| What you are asked to do |
Return exactly the lines below, starting with the one that has "Elegant Wisteria Floral Apron (Front)" and going on through the one that has "Футболка с принтом".

(Crawled caption data)
------------------------------------------------------------------------
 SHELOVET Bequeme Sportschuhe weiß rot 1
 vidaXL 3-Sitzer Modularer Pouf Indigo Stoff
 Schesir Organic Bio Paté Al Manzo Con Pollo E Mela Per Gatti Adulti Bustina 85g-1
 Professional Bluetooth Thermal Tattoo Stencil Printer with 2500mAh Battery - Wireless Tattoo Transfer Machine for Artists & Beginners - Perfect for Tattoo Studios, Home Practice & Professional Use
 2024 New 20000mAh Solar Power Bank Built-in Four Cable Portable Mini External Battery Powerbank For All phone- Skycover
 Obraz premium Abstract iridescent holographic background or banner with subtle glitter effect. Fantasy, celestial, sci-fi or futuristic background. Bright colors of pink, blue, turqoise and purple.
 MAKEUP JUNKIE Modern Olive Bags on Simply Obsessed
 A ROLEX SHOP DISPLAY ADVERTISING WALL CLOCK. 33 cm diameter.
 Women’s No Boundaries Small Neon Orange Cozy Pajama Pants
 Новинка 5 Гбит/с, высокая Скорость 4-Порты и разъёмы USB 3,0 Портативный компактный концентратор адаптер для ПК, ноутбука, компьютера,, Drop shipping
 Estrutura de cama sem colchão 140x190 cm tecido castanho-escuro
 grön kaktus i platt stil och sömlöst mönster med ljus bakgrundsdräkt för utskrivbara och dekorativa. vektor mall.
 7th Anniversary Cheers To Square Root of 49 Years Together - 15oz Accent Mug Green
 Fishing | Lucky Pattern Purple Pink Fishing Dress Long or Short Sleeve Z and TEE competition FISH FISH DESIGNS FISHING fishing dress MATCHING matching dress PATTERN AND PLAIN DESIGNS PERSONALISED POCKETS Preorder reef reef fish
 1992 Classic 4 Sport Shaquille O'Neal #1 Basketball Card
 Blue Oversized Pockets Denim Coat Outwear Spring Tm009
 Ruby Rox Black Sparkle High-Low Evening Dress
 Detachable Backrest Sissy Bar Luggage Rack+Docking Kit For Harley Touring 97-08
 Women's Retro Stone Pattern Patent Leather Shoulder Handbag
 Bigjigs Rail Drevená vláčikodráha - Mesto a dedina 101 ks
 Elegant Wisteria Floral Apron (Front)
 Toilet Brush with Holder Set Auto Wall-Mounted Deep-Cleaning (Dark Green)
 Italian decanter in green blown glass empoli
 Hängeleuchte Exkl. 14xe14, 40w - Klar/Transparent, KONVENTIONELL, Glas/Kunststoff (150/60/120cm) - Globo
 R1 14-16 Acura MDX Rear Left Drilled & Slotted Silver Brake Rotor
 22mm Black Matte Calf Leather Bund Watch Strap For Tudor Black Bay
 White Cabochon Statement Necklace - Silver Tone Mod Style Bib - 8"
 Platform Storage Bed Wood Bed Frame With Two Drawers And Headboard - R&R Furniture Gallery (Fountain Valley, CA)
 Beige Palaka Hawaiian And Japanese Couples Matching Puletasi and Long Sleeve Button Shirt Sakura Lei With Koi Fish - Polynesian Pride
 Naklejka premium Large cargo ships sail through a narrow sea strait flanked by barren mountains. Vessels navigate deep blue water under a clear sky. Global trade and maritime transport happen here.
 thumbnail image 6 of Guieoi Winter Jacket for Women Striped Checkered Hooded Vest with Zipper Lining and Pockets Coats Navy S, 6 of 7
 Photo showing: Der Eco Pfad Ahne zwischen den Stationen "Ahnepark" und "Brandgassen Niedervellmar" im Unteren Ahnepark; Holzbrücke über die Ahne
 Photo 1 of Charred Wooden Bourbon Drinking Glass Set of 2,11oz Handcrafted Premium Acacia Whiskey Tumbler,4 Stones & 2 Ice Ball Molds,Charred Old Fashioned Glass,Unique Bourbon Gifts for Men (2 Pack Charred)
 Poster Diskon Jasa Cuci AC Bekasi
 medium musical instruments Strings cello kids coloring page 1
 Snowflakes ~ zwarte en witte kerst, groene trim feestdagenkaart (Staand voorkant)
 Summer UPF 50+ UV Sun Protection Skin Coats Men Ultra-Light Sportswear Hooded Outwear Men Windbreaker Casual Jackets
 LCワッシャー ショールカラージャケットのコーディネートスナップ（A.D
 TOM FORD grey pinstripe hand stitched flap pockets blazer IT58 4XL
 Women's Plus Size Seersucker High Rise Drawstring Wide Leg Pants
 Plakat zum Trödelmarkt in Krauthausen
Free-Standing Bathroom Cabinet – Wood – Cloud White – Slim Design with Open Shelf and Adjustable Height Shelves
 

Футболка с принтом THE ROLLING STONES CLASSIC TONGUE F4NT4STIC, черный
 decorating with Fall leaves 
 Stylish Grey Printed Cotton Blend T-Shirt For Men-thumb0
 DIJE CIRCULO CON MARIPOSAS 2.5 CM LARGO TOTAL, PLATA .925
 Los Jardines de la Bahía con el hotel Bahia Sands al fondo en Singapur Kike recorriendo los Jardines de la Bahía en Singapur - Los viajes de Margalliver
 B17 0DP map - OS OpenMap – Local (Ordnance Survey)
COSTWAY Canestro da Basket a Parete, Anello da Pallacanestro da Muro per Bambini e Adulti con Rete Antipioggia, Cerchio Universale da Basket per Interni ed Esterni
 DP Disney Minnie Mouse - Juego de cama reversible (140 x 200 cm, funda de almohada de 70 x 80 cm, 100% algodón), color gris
------------------------------------------------------------------------
| Written solution |
 Elegant Wisteria Floral Apron (Front)
 Toilet Brush with Holder Set Auto Wall-Mounted Deep-Cleaning (Dark Green)
 Italian decanter in green blown glass empoli
 Hängeleuchte Exkl. 14xe14, 40w - Klar/Transparent, KONVENTIONELL, Glas/Kunststoff (150/60/120cm) - Globo
 R1 14-16 Acura MDX Rear Left Drilled & Slotted Silver Brake Rotor
 22mm Black Matte Calf Leather Bund Watch Strap For Tudor Black Bay
 White Cabochon Statement Necklace - Silver Tone Mod Style Bib - 8"
 Platform Storage Bed Wood Bed Frame With Two Drawers And Headboard - R&R Furniture Gallery (Fountain Valley, CA)
 Beige Palaka Hawaiian And Japanese Couples Matching Puletasi and Long Sleeve Button Shirt Sakura Lei With Koi Fish - Polynesian Pride
 Naklejka premium Large cargo ships sail through a narrow sea strait flanked by barren mountains. Vessels navigate deep blue water under a clear sky. Global trade and maritime transport happen here.
 thumbnail image 6 of Guieoi Winter Jacket for Women Striped Checkered Hooded Vest with Zipper Lining and Pockets Coats Navy S, 6 of 7
 Photo showing: Der Eco Pfad Ahne zwischen den Stationen "Ahnepark" und "Brandgassen Niedervellmar" im Unteren Ahnepark; Holzbrücke über die Ahne
 Photo 1 of Charred Wooden Bourbon Drinking Glass Set of 2,11oz Handcrafted Premium Acacia Whiskey Tumbler,4 Stones & 2 Ice Ball Molds,Charred Old Fashioned Glass,Unique Bourbon Gifts for Men (2 Pack Charred)
 Poster Diskon Jasa Cuci AC Bekasi
 medium musical instruments Strings cello kids coloring page 1
 Snowflakes ~ zwarte en witte kerst, groene trim feestdagenkaart (Staand voorkant)
 Summer UPF 50+ UV Sun Protection Skin Coats Men Ultra-Light Sportswear Hooded Outwear Men Windbreaker Casual Jackets
 LCワッシャー ショールカラージャケットのコーディネートスナップ（A.D
 TOM FORD grey pinstripe hand stitched flap pockets blazer IT58 4XL
 Women's Plus Size Seersucker High Rise Drawstring Wide Leg Pants
 Plakat zum Trödelmarkt in Krauthausen
Free-Standing Bathroom Cabinet – Wood – Cloud White – Slim Design with Open Shelf and Adjustable Height Shelves
 

Футболка с принтом THE ROLLING STONES CLASSIC TONGUE F4NT4STIC, черный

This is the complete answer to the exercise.